I personally do think Fortran language itself also requires an urgent boost to serve well the scientific and technical computing arenas. And this is in addition to everything needed in its “ecosystem”: standard library, interpreter and other enhancements in tooling, etc.

The notion of Turing-complete may be too abstract and even too basic any longer for any practical utility with modern languages. Nonetheless, one can think of an even more abstract notion of feature-completeness that can be more practical and which can resonate intuitively with those coding-in-anger regularly in scientific and technical domains. This notion is decidedly dependent on the time period, the state-of-art in computing at a given instance in time. On this count, Fortran has perennially fallen short of the needs of practitioners since ANSI FORTRAN publication back in 1978. And the deficit continues to this day.

I had previously noted 6 items in this thread which are crucial for immediate survival of the language as a legitimate contender in the scientific and technical computing space.

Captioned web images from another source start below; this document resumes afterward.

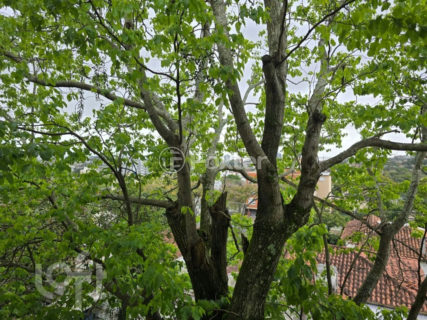 Image 16 - 1024775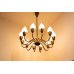 画像4: 12Tulip Chandelier（銀座店）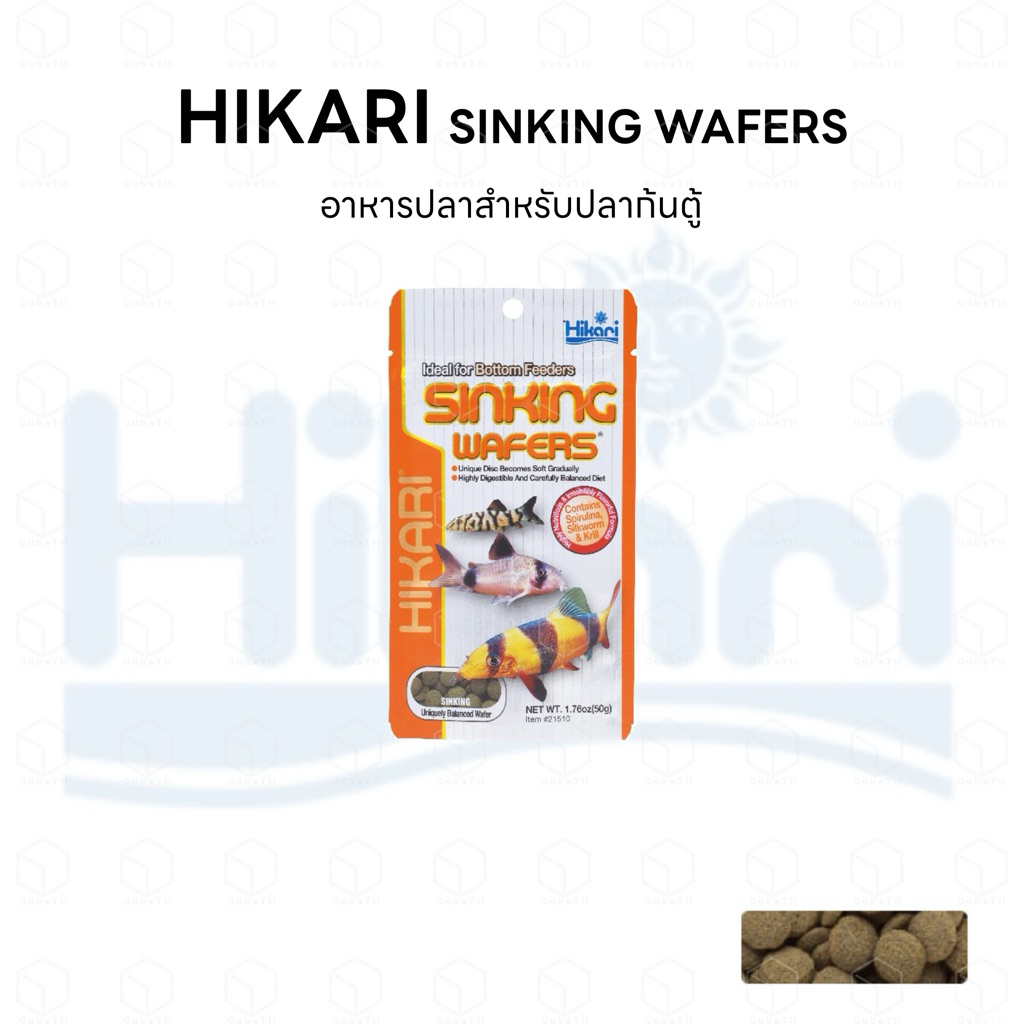 Hikari Sinking Wafers อาหารปลาก้นตู้ เม็ดจม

However I do believe there is a list of miscellaneous items in the syntactic sugar category that can make coding in Fortran far more safe, straightforward, and appealing and enjoyable, especially for scientists and engineers who should be and want to be domain experts in their respective fields, and not language masters:

  • Why are we still required to include implicit none in every scope in Fortran? Particularly in INTERFACE .. END INTERFACE constructs that has its own scope and which made it into the language much after the legacy with IMPLICIT statements. This is especially pernicious, particularly with any respect to diversity and inclusivity which is all the rage these days with social justice. Because the common refrain is “I don’t mind adding that statement” in all my codes, so nor should you - this is inherently disrespectful. Well, there is a vast group of scientists and engineers who are either unable or unwilling to follow the discipline in terms of this verbosity. And the cost of any indiscipline can be prohibitively expensive, particularly in commercial environments. And continuously excluding the inclinations of those wanting to advance to a modern state where the desire to be explicit with types is the default “value proposition” from language design considerations is forcefully ignored not only belittles any concept of type safety but disrespects the most precious commodity, the time of practitioners.

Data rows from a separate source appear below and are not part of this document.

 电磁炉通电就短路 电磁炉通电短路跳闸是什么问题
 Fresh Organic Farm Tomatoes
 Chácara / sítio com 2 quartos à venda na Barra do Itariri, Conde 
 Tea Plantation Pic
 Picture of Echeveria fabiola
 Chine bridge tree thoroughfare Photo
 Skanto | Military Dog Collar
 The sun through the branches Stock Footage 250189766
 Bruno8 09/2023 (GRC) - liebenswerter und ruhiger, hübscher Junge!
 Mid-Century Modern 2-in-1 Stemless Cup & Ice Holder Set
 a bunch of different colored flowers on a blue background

  • There are so many domains now where 100% of the computing is performed using IEEE floating-point arithmetic. Then, why are we still required to go through a long preamble with one’s own KIND module that sets the desired floating-point KINDs for use with IEEE formats. Fortran can do with built-in aliases, say ieee_fpb32, ieee_fpb64, etc. (or something less verbose) that coders can immediately employ toward floating-point computations with an intuitive grasp and confidence in the types.

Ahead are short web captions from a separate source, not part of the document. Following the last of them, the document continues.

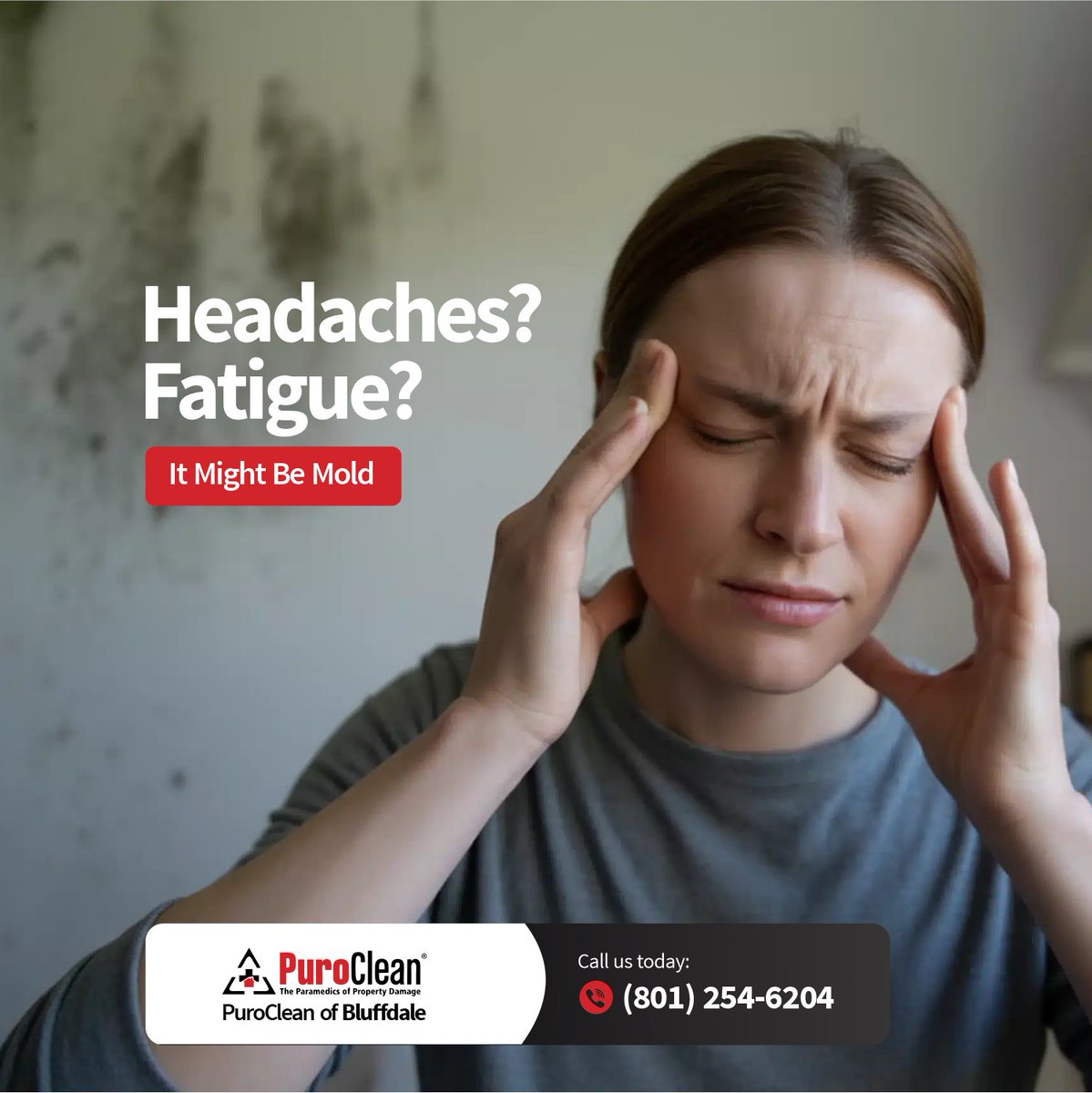 PBluffdale's tweet image. Headaches? Fatigue? 🤕
It might be mold—not stress.

Hidden mold can affect your health before you ever see it. Don’t ignore the signs.

📞 Call PuroClean of Bluffdale (801) 254-6204 for inspection &amp;amp; remediation

#Mold #BluffdaleUT #HealthyHome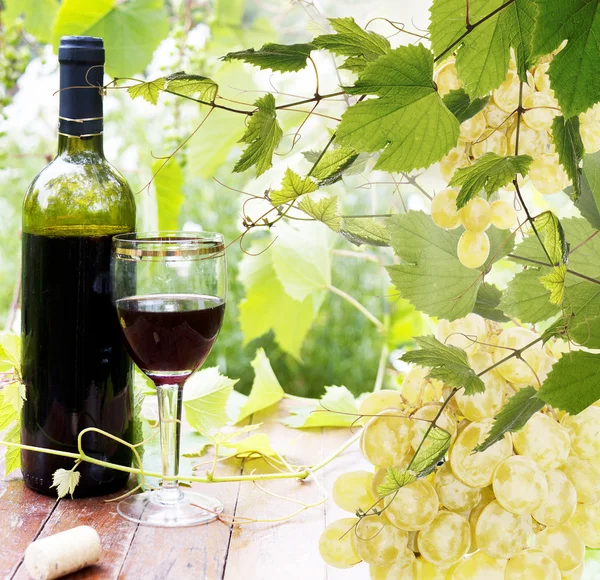 Fles jonge wijn en rijp grape.wine achtergrond — Stockfoto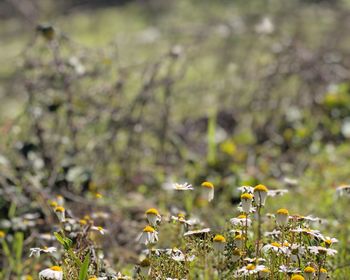 Close-up of yellow flowering plants on field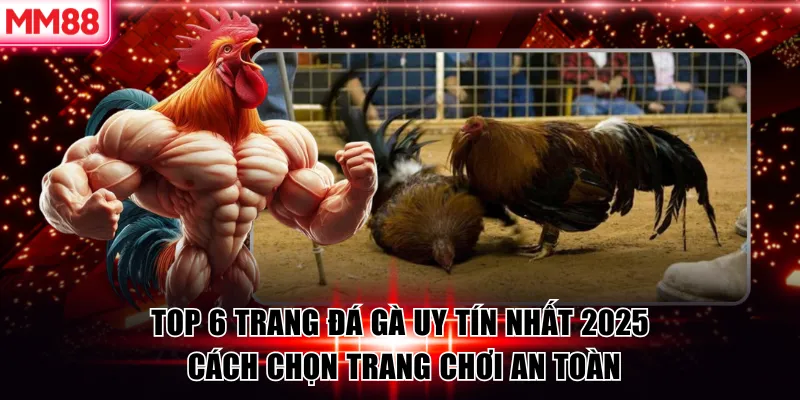 Top 6 Trang Đá Gà Uy Tín 2026 – MM88 Liệt Kê Trang An Toàn 5 Top 6 Trang Đá Gà Uy Tín Nhất 2025 – Cách Chọn Trang Chơi An Toàn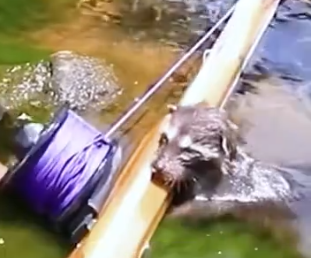 The man saved a baby raccoon from a stream #rescue #animals #animalsoftiktok #rescueanimals_part2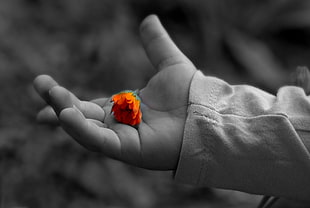 selective color photography of orange flower on person's palm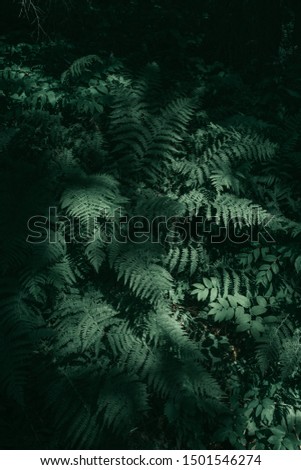 Ferns in the forest. Beautiful ferns, leaves, green foliage. Close up of beautiful growing ferns in the forest. Natural floral fern background in sunlight.  Royalty-Free Stock Photo #1501546274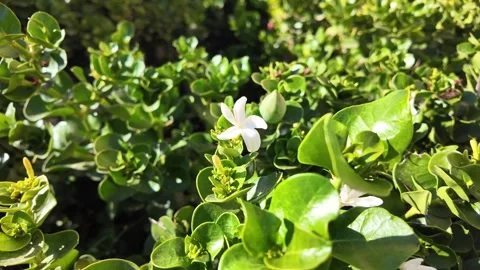 Close view of a jasmine flower on the wind for nature backgrounds Vídeos de archivo 317177688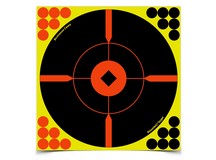 Birchwood Casey Shoot-N-C Targets, 8 inch Bullseye, 50 Targets + 200 Pasters 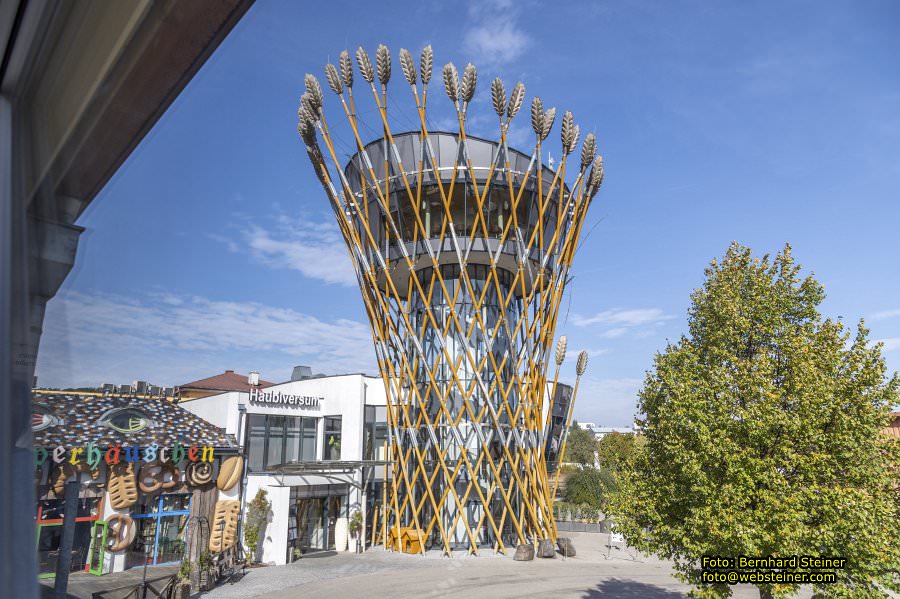 Petzenkirchen, Oktober 2023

  • Same applies to other intrinsic types and their kinds, especially INTEGER and CHARACTER with `c_char’ kind.

  • And of course, a built-in string type. Sure, initial experimentation in a standard-library years after ISO_VARYING_STRING is a decent reset, but it is the base language itself that needs this facility to be included intrinsically.

The rate of change with all of these features in standard Fortran is either too slow or zero. Fortran is headed to science museum archives unless things change for the better at a much faster pace.